(Collected data entries)
== == ==

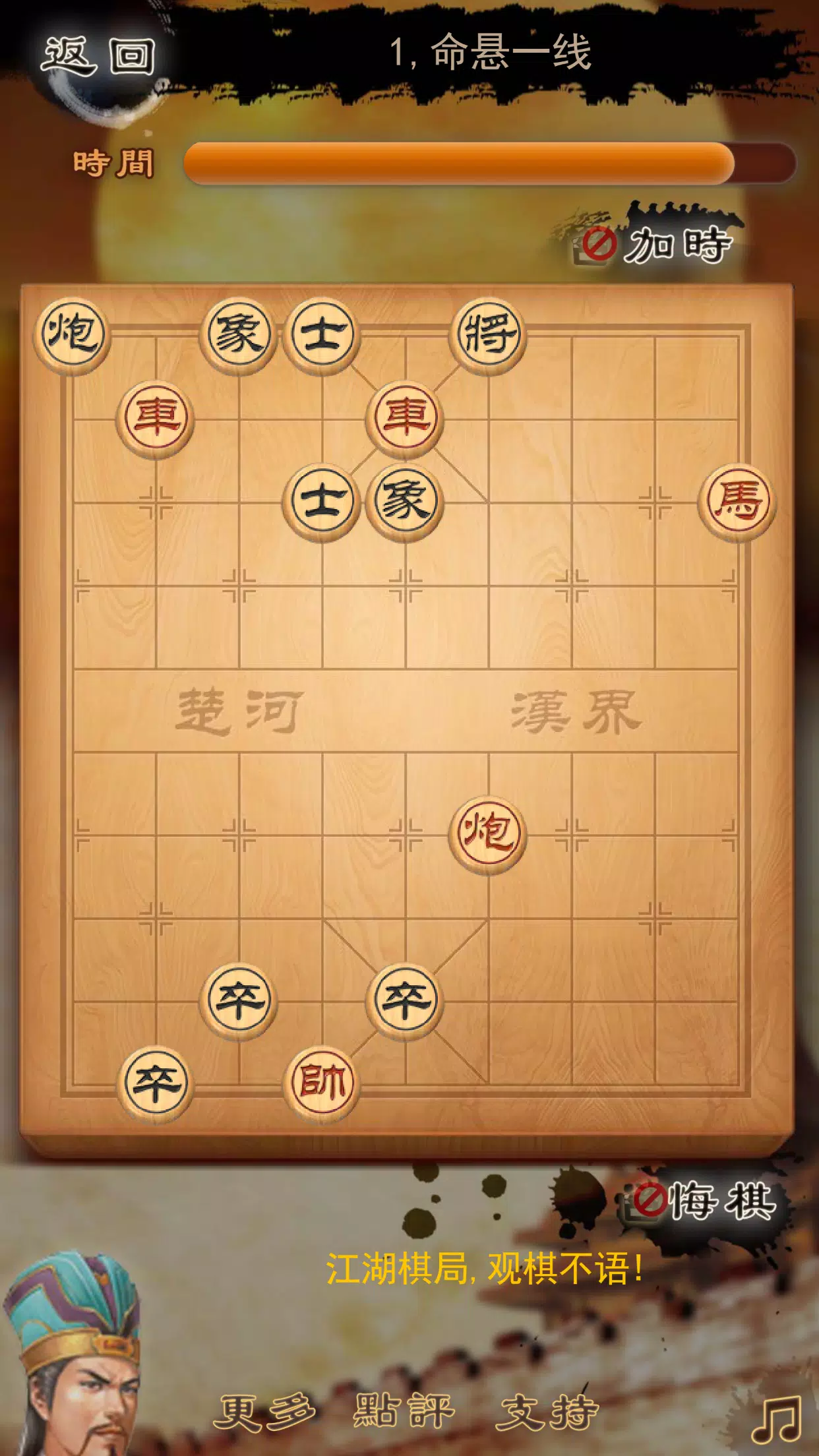 Three Kingdoms chess:象棋 스크린샷 1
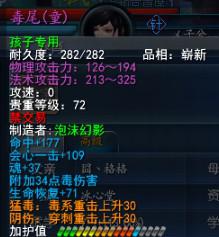 毒尾.jpg
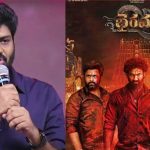 Vijay Kanakamedala: మెగా అభిమానులకు సారీ చెప్పిన భైరవం దర్శకుడు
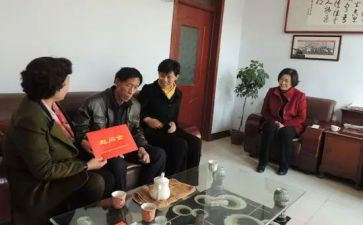 春节慰问活动活动方案5篇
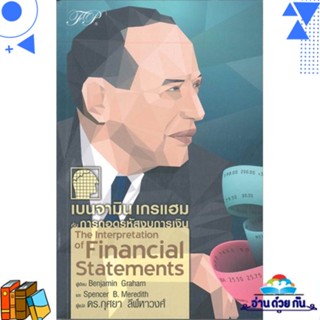 หนังสือ เบนจามิน เกรแฮม กับการถอดรหัสงบการเงิน ผู้แต่ง : BENJAMIN GRAHAM  ฟิเดลลิตี้พับลิชชิ่ง หนังสือการเงิน/การธนาคาร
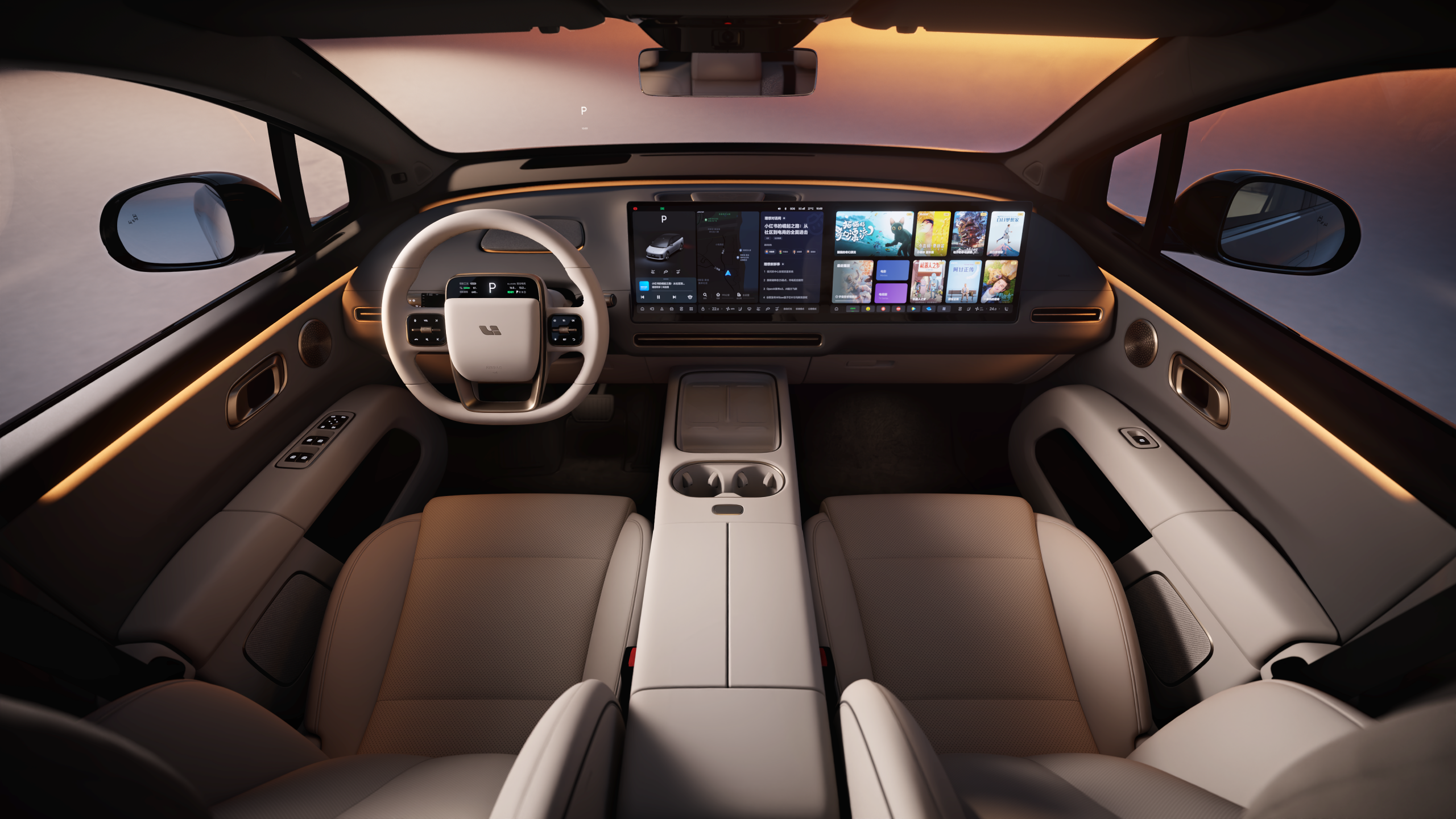 Li Auto i6 Innenraum – digitales Cockpit mit Deckendisplay für Fondpassagiere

== == ==

TASK BRIEF >>
Transcribe the data word for word, with no images.

RESPONSE TO THE EXERCISE >>
 Three Kingdoms chess:象棋 스크린샷 1
 毒尾.jpg
 Vijay Kanakamedala: మెగా అభిమానులకు సారీ చెప్పిన భైరవం దర్శకుడు
 春节慰问活动活动方案5篇
 หนังสือ เบนจามิน เกรแฮม กับการถอดรหัสงบการเงิน ผู้แต่ง : BENJAMIN GRAHAM  ฟิเดลลิตี้พับลิชชิ่ง หนังสือการเงิน/การธนาคาร
 Li Auto i6 Innenraum – digitales Cockpit mit Deckendisplay für Fondpassagiere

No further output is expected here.